(WHAT YOU HAVE TO DO) Print the line that contains "Mochila Cheer Temuco - Imagine Black", then every line after it until the entries end, exactly as they read; do not include pictures.

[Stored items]
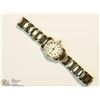 Image 3 : 16) BULOVA SILVER WATER RESISTANT LADIES WATCH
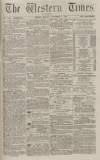 Western Times Monday 06 November 1876 Page 1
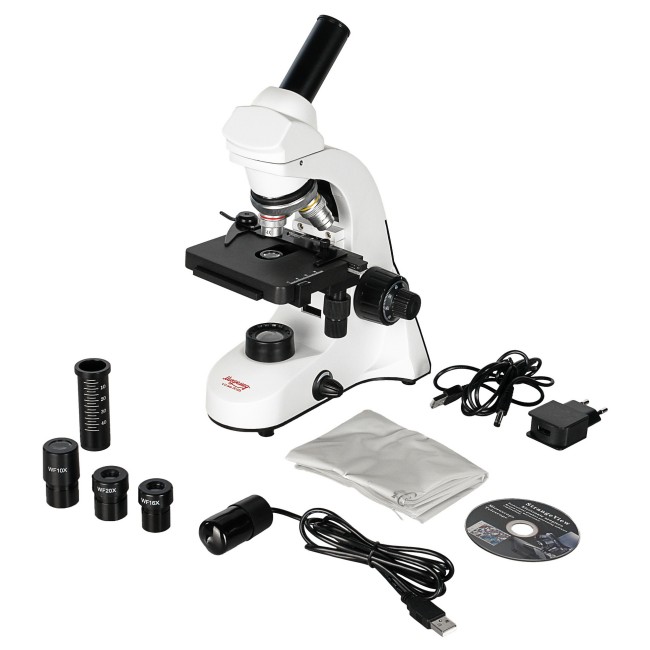 Микроскоп биологический Микромед С-11 (вар. 2B LED) с видеоокуляром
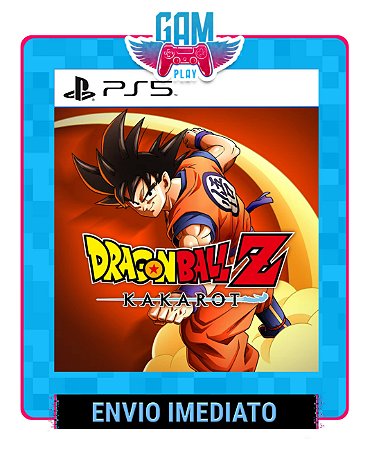 Dragon Ball Z: Kakarot - Playstation 5 - Edição Padrão - Midia Digital
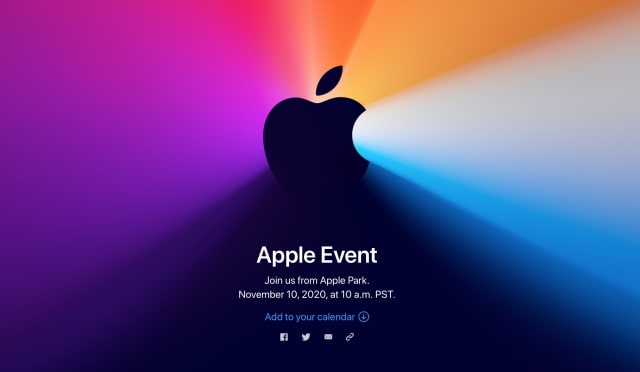 Live Blog of Apple&#039;s November 2020 Special Event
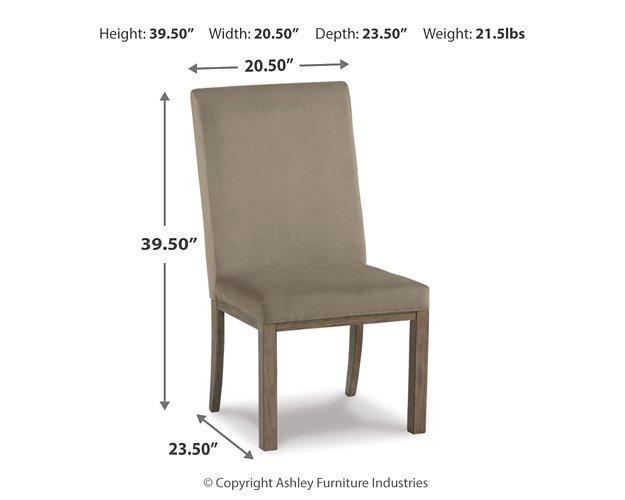 Chrestner Dining Chair - De Avenue Furniture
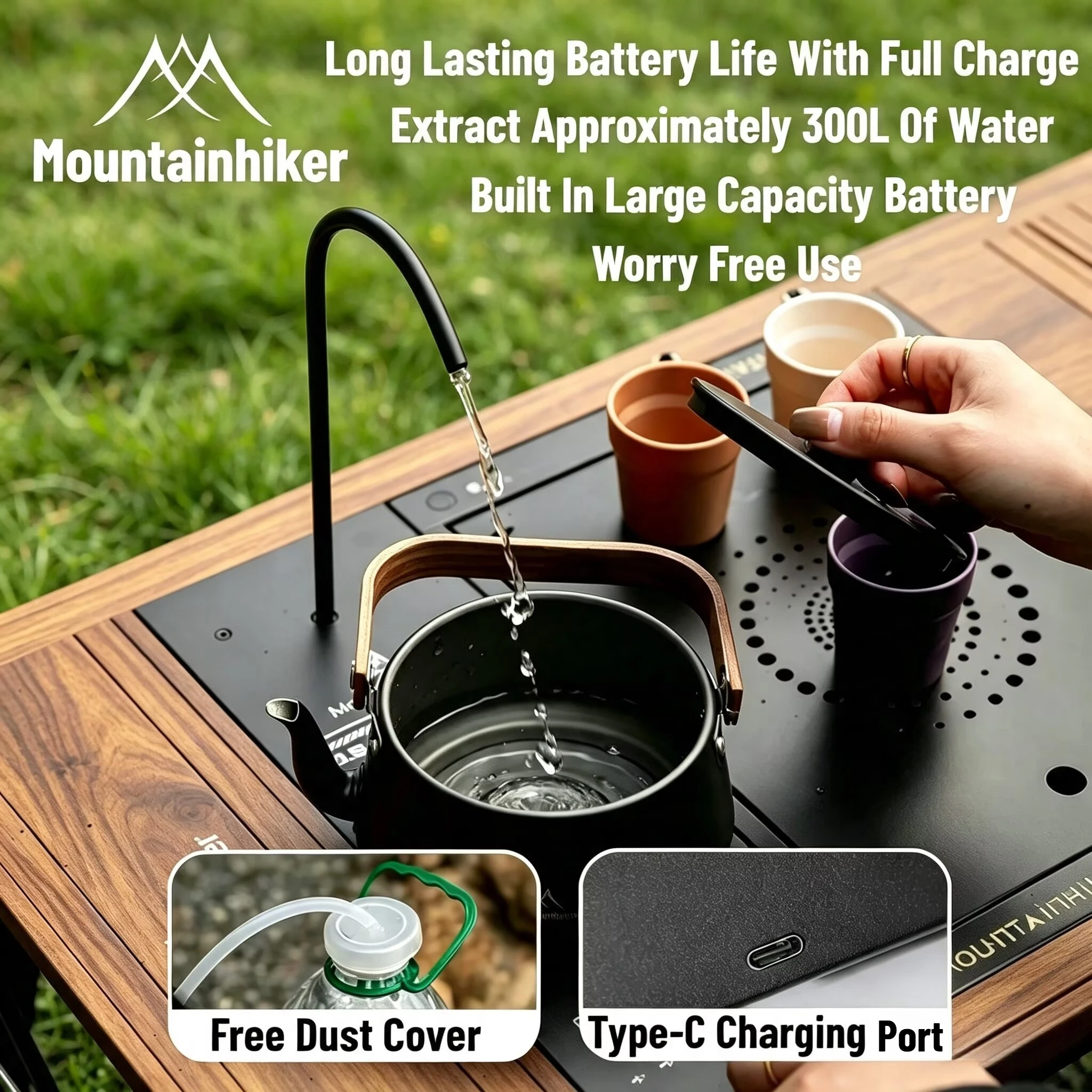 IGT電動ウォーターディスペンサー キャンプ用 IGT防水電 - Camping Cooking Bowl のレビューと価格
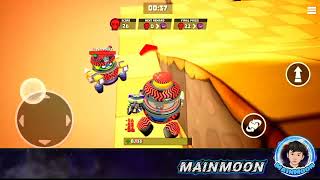 MARBLE CLASH:crazy fun shooter🔫🎮mode survival UPGRADE MAX LEVE|game menembak screenshot 4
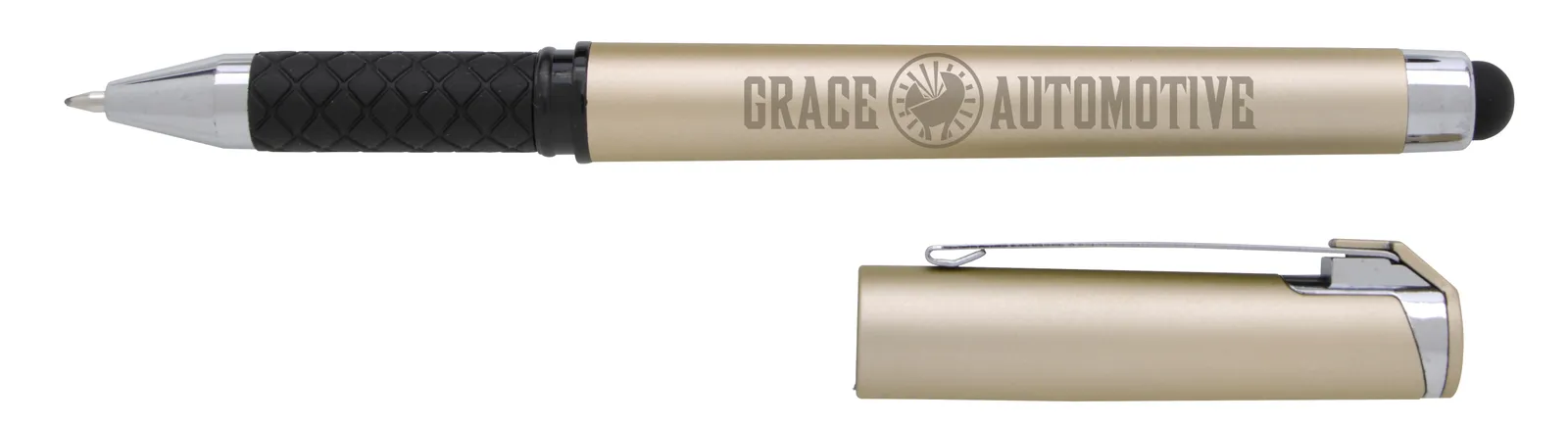 Stylus Pen Gel Ink Fraud Resistant ABS - 5.875 in - product view 10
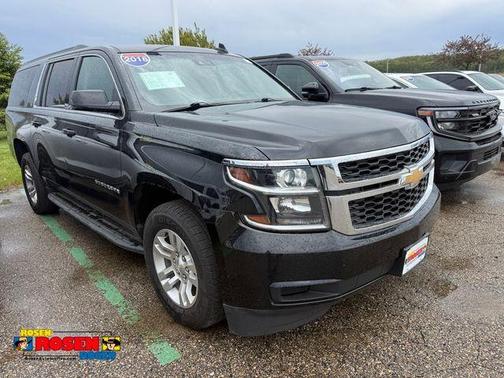 Black 2018 Chevrolet Suburban LT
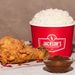 1pc Original Fried Chicken With Rice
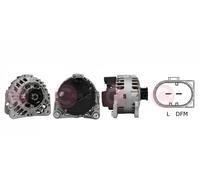 Alternador con polea para correa poli V CAL15208AS CASCO para SEAT SKODA VW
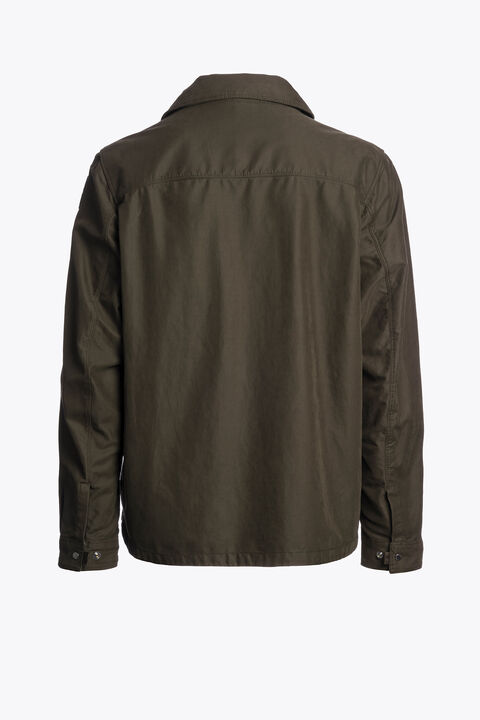Parajumpers MIURA - OVERSHIRT DEEP MOSS 25WMPMOSFD01P410117
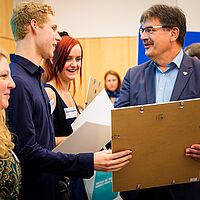 Impressionen der Ausstellung des Tischler- und Malerhandwerks 2024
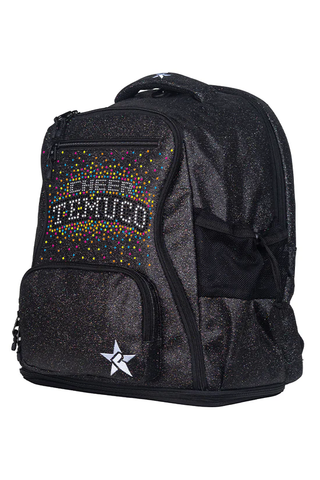 Mochila Cheer Temuco - Imagine Black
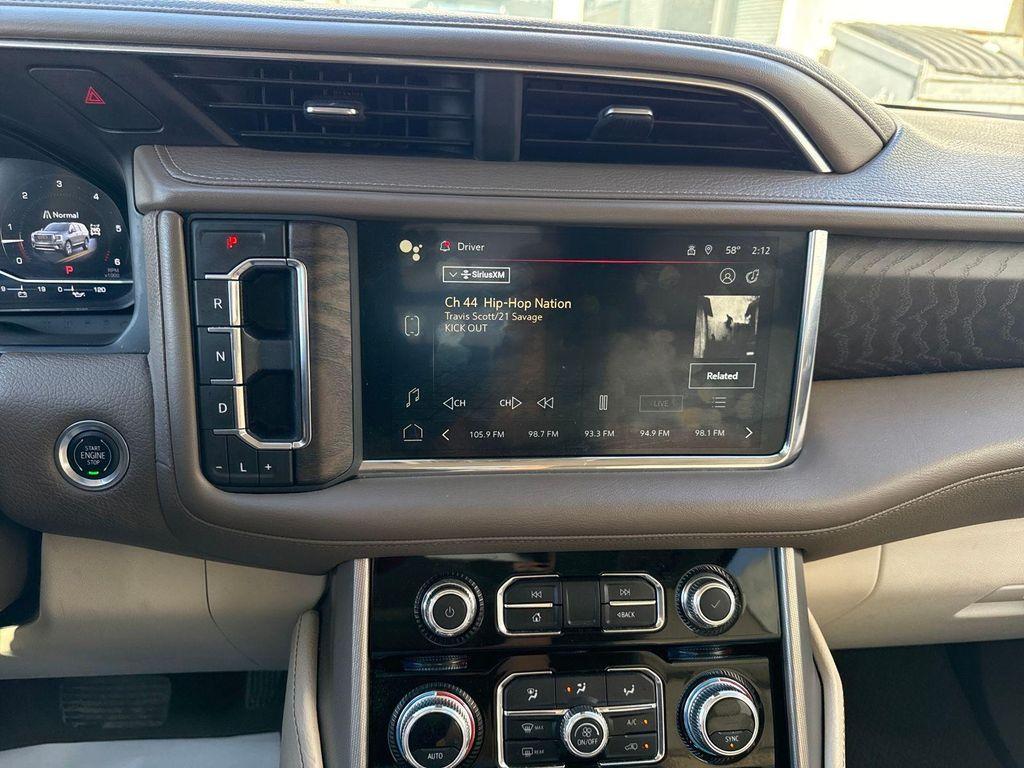 used 2023 GMC Yukon car, priced at $56,500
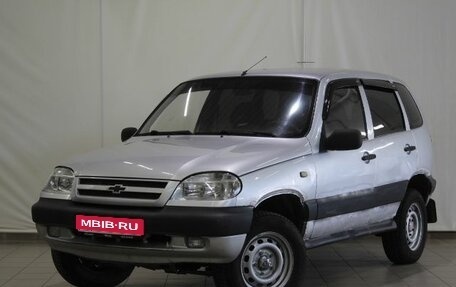Chevrolet Niva I рестайлинг, 2008 год, 320 000 рублей, 1 фотография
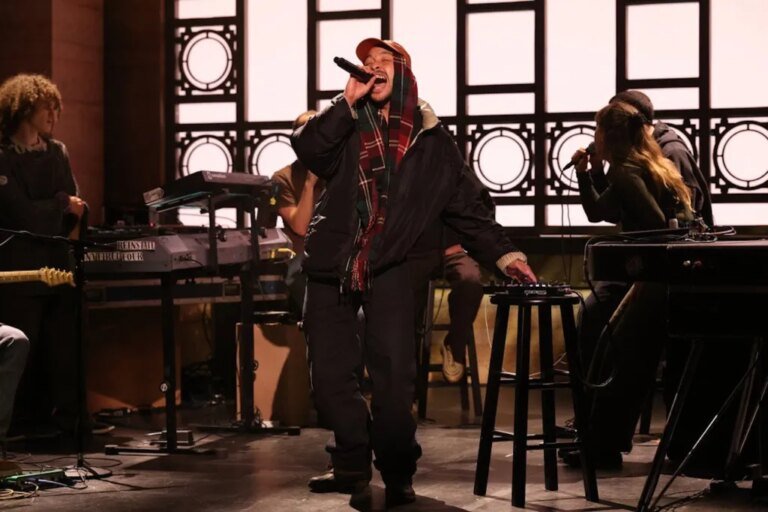 Dijon Joins ‘SNL’ with a Talented Band Including Bon Iver’s Justin Vernon: Here’s How It Went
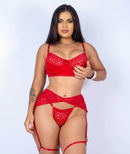 Conjunto Rainha Da Sedução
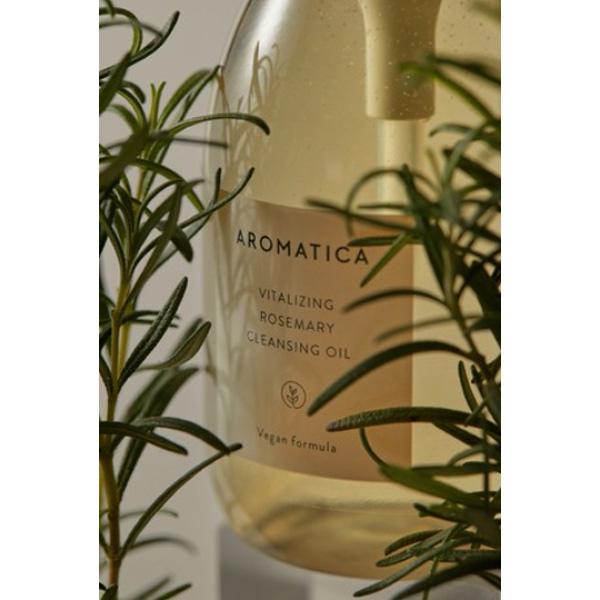 AROMATICA Vitalizing Rosemary Cleansing Oil, 3 Pieces, 200ml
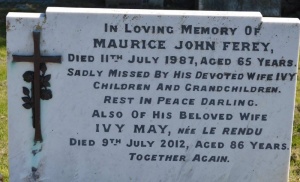 St Ouen parish cemetery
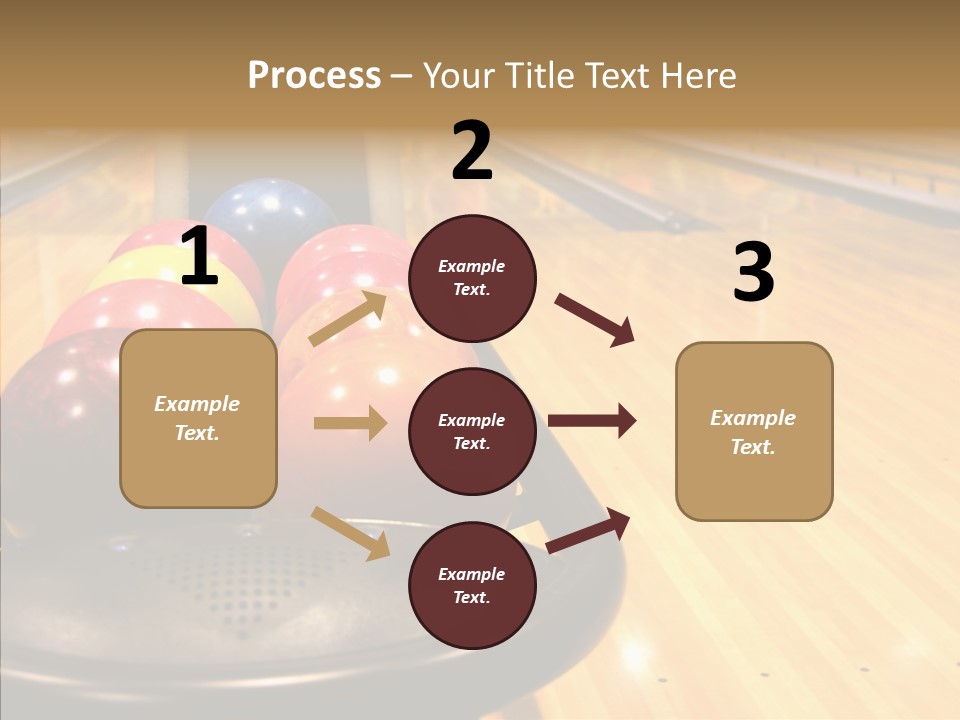 Leisure Sign Color PowerPoint Template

(TASK RESPONSE)
 Mochila Cheer Temuco - Imagine Black
 used 2023 GMC Yukon car, priced at $56,500
Chevrolet Niva I рестайлинг, 2008 год, 320 000 рублей, 1 фотография
 Dijon Joins ‘SNL’ with a Talented Band Including Bon Iver’s Justin Vernon: Here’s How It Went
 Conjunto Rainha Da Sedução
 AROMATICA Vitalizing Rosemary Cleansing Oil, 3 Pieces, 200ml
 St Ouen parish cemetery
 Leisure Sign Color PowerPoint Template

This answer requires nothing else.